I started thinning out my wooded area for firewood after retiring.  I soon realized there were hundreds of cords of dead wood that was available.  It's amazing how much is there after looking so now that's all I use.  For the most part it's already dry and true enough, no need to cut living trees.  I burn EVERYTHING that's dead including evergreens, basswood, whatever.  That wood that is too far rotted to burn I use for hugelkulture material.  

2 years ago
These are my thoughts regarding a self sustained homestead.  Your mileage may vary since I live in northern New York close to the Canadian border.  Think about those parts that would apply to you.  I have 67 acres of wooded area, about 5 that would be considered pasture although it isn't that great and the remainder wetlands with a creek and drilled well.  

First off it takes (so I've read) 10 acres to have a sustained wood lot for heat where I live.  

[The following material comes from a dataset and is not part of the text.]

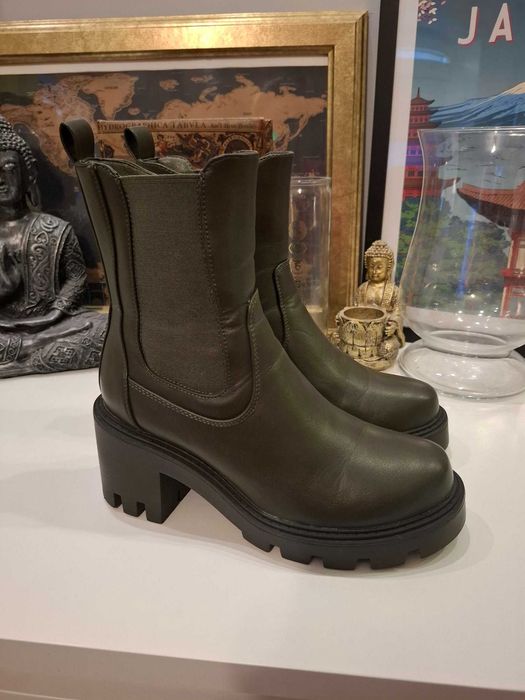 37 ciemnozielone oliwkowe khaki botki eco sztuczna skóra zimowe buty na obcasie militarne wojskowe obcasy na zime jesienne na jesień na platformie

Regarding animals, I would go with smaller types that you would at least have a chance of raising their food needs and being able to sustain a self contained breeding population.  Rabbits are very efficient meat producers.  One buck and 2 does would probably be enough for starters.  Goats are another dual purpose animal that are very efficient for meat and milk.  Poultry for eggs if you so desire.  I think with these 3 animals you would fulfill your animal protein needs.  I'm into pollarding and coppicing for tree hay for my goats and hope to eventually eliminate the need for hay.

Fruits and veggies.  Just look for types that grow best in your climate and go with open pollinated.